Proof. Since the assumption (6.2) in Theorem 6.1 implies that $\int_\Omega \widetilde{C}_b(x, t) \; {\rm d}x = 0 \; \forall t>0$ if it exists in $W_2^1(\Omega)$ , we seek for the solution satisfying it. Observe that

$\Biggl| \int_\Omega \bigl( \mathit{\boldsymbol{G}}_2(x, \lambda) \cdot \nabla \hat{C}_b \bigr) \hat{C}_b(x, \lambda) \; {\rm d}x \Biggr| \leq \bigl|\mathit{\boldsymbol{G}}_2 (\lambda)\bigr|_\infty |\hat{C}_b (-{\rm i}\lambda) | |\nabla \hat{C}_b(-{\rm i} \lambda) |\\ \quad \leq c_\Omega \bigl|\mathit{\boldsymbol{G}}_2 (\lambda)\bigr|_\infty |\nabla \hat{C}_b(-{\rm i} \lambda) |^2,$

thanks to the Poincaré inequality.
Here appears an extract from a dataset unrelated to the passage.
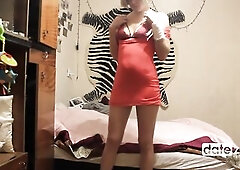 Datezone.com - Short-haired blond in a taut red costume masturbates her twat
Next, note that when $\sigma_0 \geq 0$ ,

$\begin{align} {\rm Re} \Bigl( \frac{1}{\lambda +k_a} \Bigr) \in \bigl( 0, k_a^{-1}\bigr], \; {\rm Re} \Bigl( \frac{1}{\lambda +k_r} \Bigr) \in \bigl( 0, k_r^{-1}\bigr]. \end{align}$

(6.8)

Elementary calculations make us to obtain (6.8), so we omit the detail here. Now, (6.8) yields

$\Biggl| V_a a_1 {\rm Re} \Bigl( \frac{1}{\lambda+k_a} \Bigr) - V_r a_2 {\rm Re} \Bigl( \frac{1}{\lambda+k_r} \Bigr) \Biggr|_\infty \leq \frac{V_a |a_1|_\infty}{k_a} + \frac{V_r |a_2|_\infty}{k_r}, \\ \Biggl| \nabla \Bigl\{ V_aa_1 {\rm Re} \Bigl( \frac{1}{\lambda + k_a}) - V_ra_2 {\rm Re} (\frac{1}{\lambda + k_r} \Bigr) \Bigr\} \Biggr|_\infty \leq \frac{V_a |\nabla a_1|_\infty}{k_a} + \frac{V_r |\nabla a_2|_\infty}{k_r}.$

Then, the assumption (ⅳ) in Theorem 5.3 implies

$\bigl| \overline{C}_b \bigr|_\infty \Biggl\| \Bigl\{ V_aa_1 {\rm Re} \Bigl( \frac{1}{\lambda +k_a} \Bigr) - V_ra_2 {\rm Re} \Bigl( \frac{1}{\lambda +k_r} \Bigr) \Bigr\} \Biggr\|_{W_\infty^1(\Omega)} \\ \quad \leq D_b - c_\Omega \Bigl| \nabla \bigl\{ (V_aa_1-V_ra_2) \overline{C}_b \bigr\} \Bigr|_\infty$

This is sufficient for the following estimate to hold:

$\min\limits_x \bigl| \overline{C}_b(x) \bigr| \Biggl| \Bigl\{ V_aa_1 {\rm Re} \Bigl( \frac{1}{\lambda + k_a} \Bigr) - V_ra_2 {\rm Re} \Bigl( \frac{1}{ \lambda + k_r} \Bigr) \Bigr\} \Biggr| \\ \quad +c_\Omega \bigl\| \overline{C}_b(x) \bigr\|_\infty \Biggl| \nabla \Bigl\{ V_aa_1 {\rm Re} \Bigl( \frac{1}{\lambda +k_a} \Bigr) - V_ra_2 {\rm Re} \Bigl( \frac{1}{\lambda +k_r} \Bigr) \Bigr\} \Biggr|_\infty \\ \quad \leq D_b - c_\Omega \Bigl| \nabla \bigl\{ (V_aa_1 - V_ra_2) \overline{C}_b \bigr\} \Bigr|_\infty,$

which is equivalent to (6.7).

Next, we state the following lemma.

Lemma 6.4. Under the assumptions of ${\rm Theorem}~~ 6.1$ , the problem $\rm(6.5)$ has no more than one generalized solution in $\widetilde{W}_2^1(\Omega)$ .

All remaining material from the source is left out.